Get ready!
NEGRIL, Hanover — Noting that some hotels in the resort town are reporting a double-digit increase over 2019’s forward bookings, President of the Negril Chamber of Commerce Richard Wallace is urging tourism players to get ready for the expected boom.
“Some hotels are seeing bookings that are over 30 per cent higher than 2019 bookings [for summer leading into winter] which are pre-COVID. So this surge and pent-up demand, we are seeing it happening now,” said Wallace, who is also a Negril hotelier.
“That is phenomenal. That is incredible right there, and it shows that we are going to have a boom after the pandemic has passed. We are going to have a boom in tourism and I would encourage all of us who are in the business of tourism to get ready, prepare as much as we can. Those who are struggling at least have some hope that we should see things coming back to normal and even better in the near future,” he told the Jamaica Observer.
Vaccinations are underway in several countries that are key markets for the country’s tourism industry. Wallace, who is the owner and operator of the Boardwalk Village Hotel and the Boardwalk Shopping Village in Negril, is convinced that people who are being vaccinated would be comfortable travelling.
“Having taken the vaccine, they are eager to get back out there. They are eager to come to Jamaica. So that in itself is a good thing. All we have to do as a country now is to make sure that the process is not prohibitive; meaning it is easy to travel to Jamaica.
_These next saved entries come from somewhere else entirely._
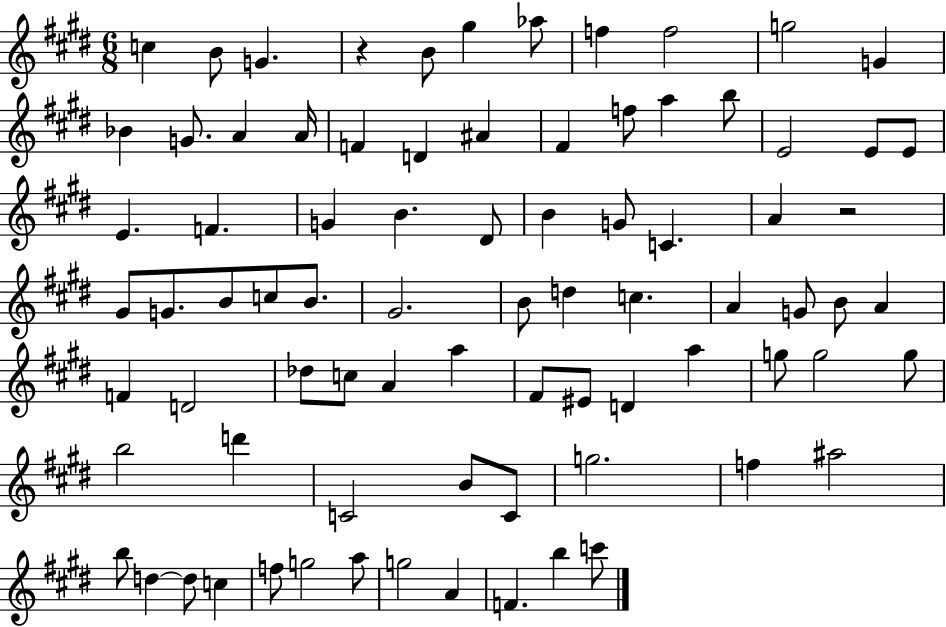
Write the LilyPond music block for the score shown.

{
  \clef treble
  \numericTimeSignature
  \time 6/8
  \key e \major
  c''4 b'8 g'4. | r4 b'8 gis''4 aes''8 | f''4 f''2 | g''2 g'4 | \break bes'4 g'8. a'4 a'16 | f'4 d'4 ais'4 | fis'4 f''8 a''4 b''8 | e'2 e'8 e'8 | \break e'4. f'4. | g'4 b'4. dis'8 | b'4 g'8 c'4. | a'4 r2 | \break gis'8 g'8. b'8 c''8 b'8. | gis'2. | b'8 d''4 c''4. | a'4 g'8 b'8 a'4 | \break f'4 d'2 | des''8 c''8 a'4 a''4 | fis'8 eis'8 d'4 a''4 | g''8 g''2 g''8 | \break b''2 d'''4 | c'2 b'8 c'8 | g''2. | f''4 ais''2 | \break b''8 d''4~~ d''8 c''4 | f''8 g''2 a''8 | g''2 a'4 | f'4. b''4 c'''8 | \break \bar "|."
} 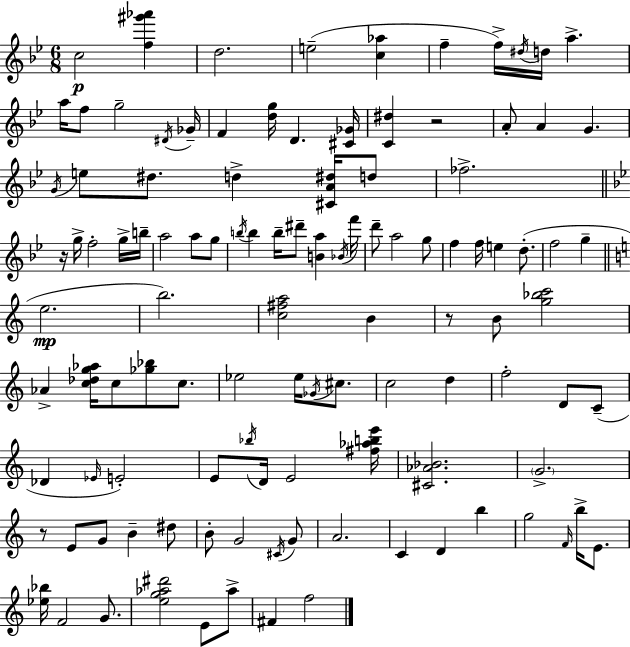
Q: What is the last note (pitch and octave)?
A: F5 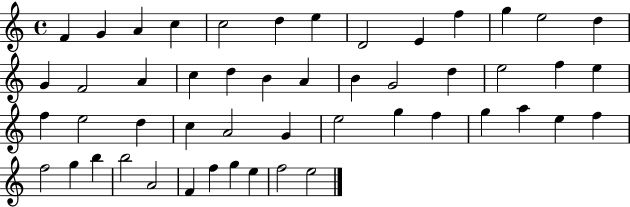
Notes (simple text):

If they have to go through a lot of testing, quarantine and all this headache, that will turn off a lot of people,” Wallace argued.
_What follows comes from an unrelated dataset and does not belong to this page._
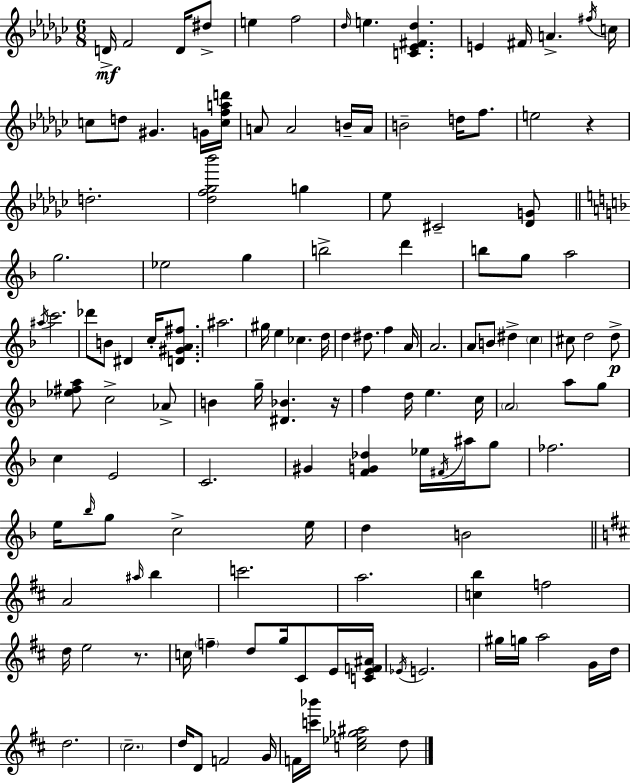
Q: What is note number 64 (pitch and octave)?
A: G5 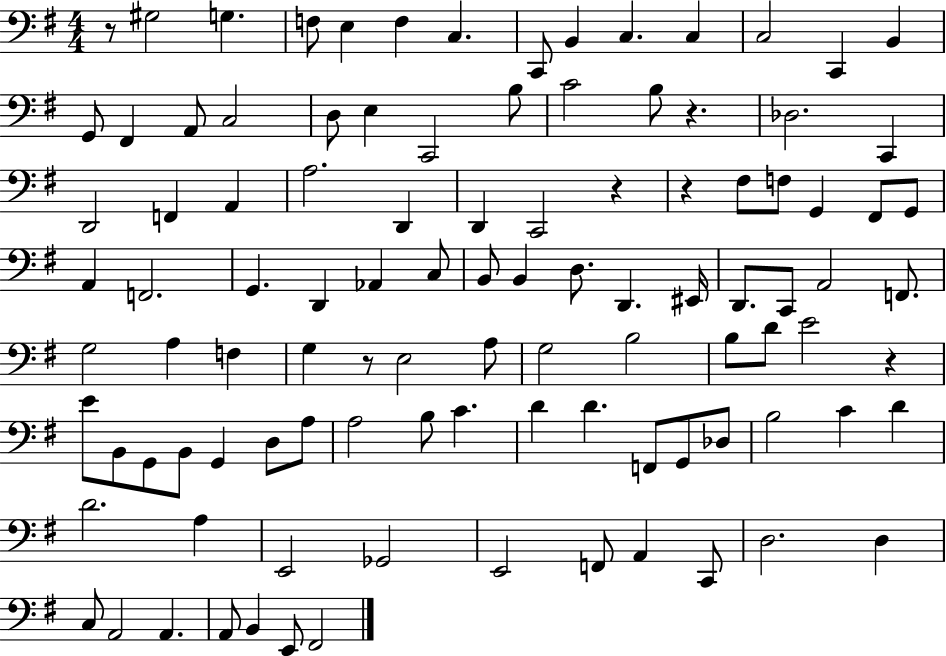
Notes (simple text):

The Government’s stance is that visitors to the island still have to be quarantined for 14 days even if they have been vaccinated, as they may still be able to transmit the virus to others even though they are protected.
Jamaica recorded its first case of the novel coronavirus on March 10, 2020. Then, on March 21, 2020 the country’s sea and airports were closed to incoming passenger traffic. The Government later reopened the country’s borders to incoming passenger traffic, on a phased basis, on July 15.
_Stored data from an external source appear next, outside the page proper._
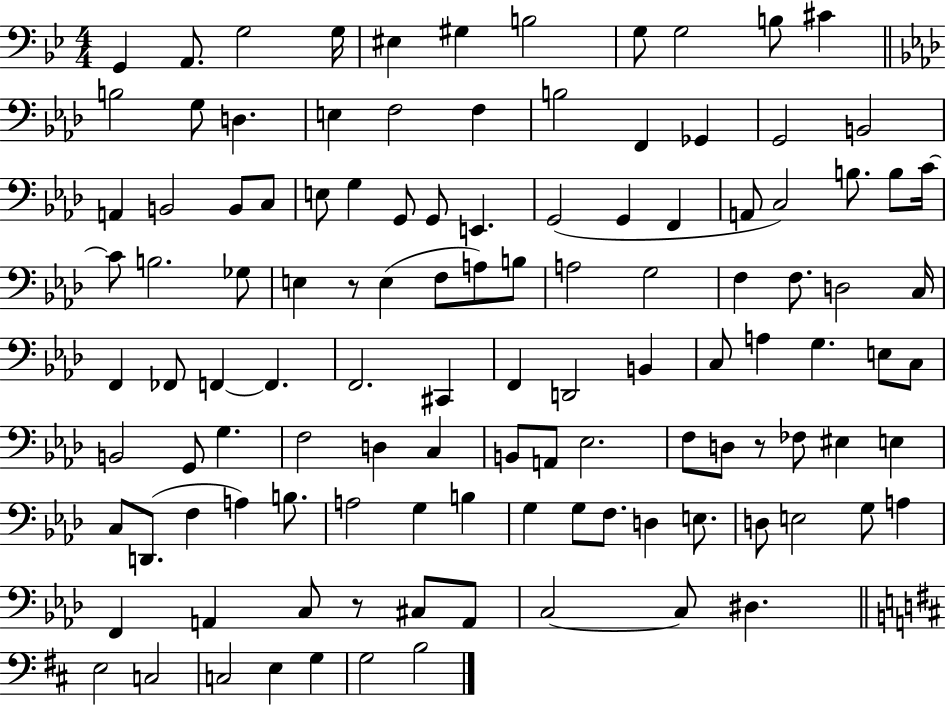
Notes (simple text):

G2/q A2/e. G3/h G3/s EIS3/q G#3/q B3/h G3/e G3/h B3/e C#4/q B3/h G3/e D3/q. E3/q F3/h F3/q B3/h F2/q Gb2/q G2/h B2/h A2/q B2/h B2/e C3/e E3/e G3/q G2/e G2/e E2/q. G2/h G2/q F2/q A2/e C3/h B3/e. B3/e C4/s C4/e B3/h. Gb3/e E3/q R/e E3/q F3/e A3/e B3/e A3/h G3/h F3/q F3/e. D3/h C3/s F2/q FES2/e F2/q F2/q. F2/h. C#2/q F2/q D2/h B2/q C3/e A3/q G3/q. E3/e C3/e B2/h G2/e G3/q. F3/h D3/q C3/q B2/e A2/e Eb3/h. F3/e D3/e R/e FES3/e EIS3/q E3/q C3/e D2/e. F3/q A3/q B3/e. A3/h G3/q B3/q G3/q G3/e F3/e. D3/q E3/e. D3/e E3/h G3/e A3/q F2/q A2/q C3/e R/e C#3/e A2/e C3/h C3/e D#3/q. E3/h C3/h C3/h E3/q G3/q G3/h B3/h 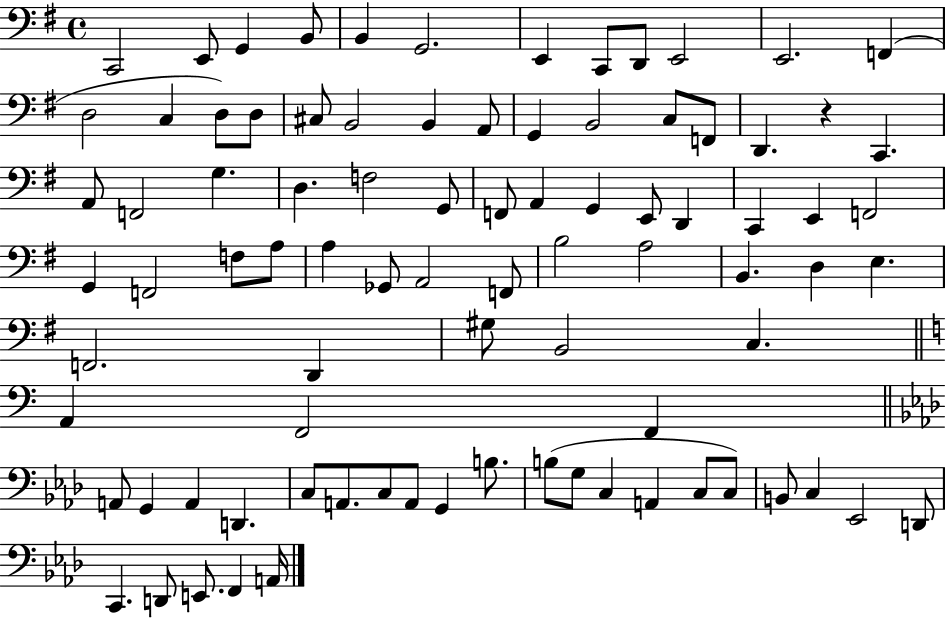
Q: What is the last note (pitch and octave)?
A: A2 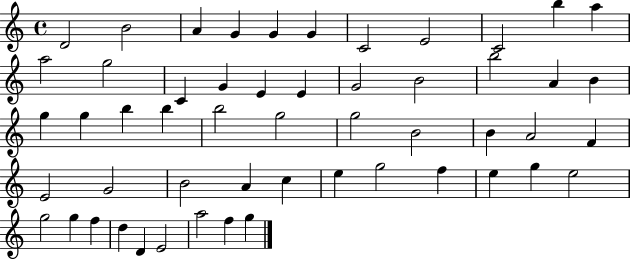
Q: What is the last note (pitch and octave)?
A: G5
Then on December 21 last year, the Government placed a ban on flights from the United Kingdom, joining several countries in restricting travel from Britain over concerns of a new strain of the novel coronavirus that was spreading out of control. That ban is still in place.
A few weeks later, Canada suspended airline service to Mexico and all Caribbean destinations until April 30, 2021. This is in addition to a requirement for those entering the country to self-isolate for 14 days and pay a quarantine fee of CAN$2,000 for people travelling from Jamaica to Canada by air.
However, the US, which is another key market for Jamaica remains open.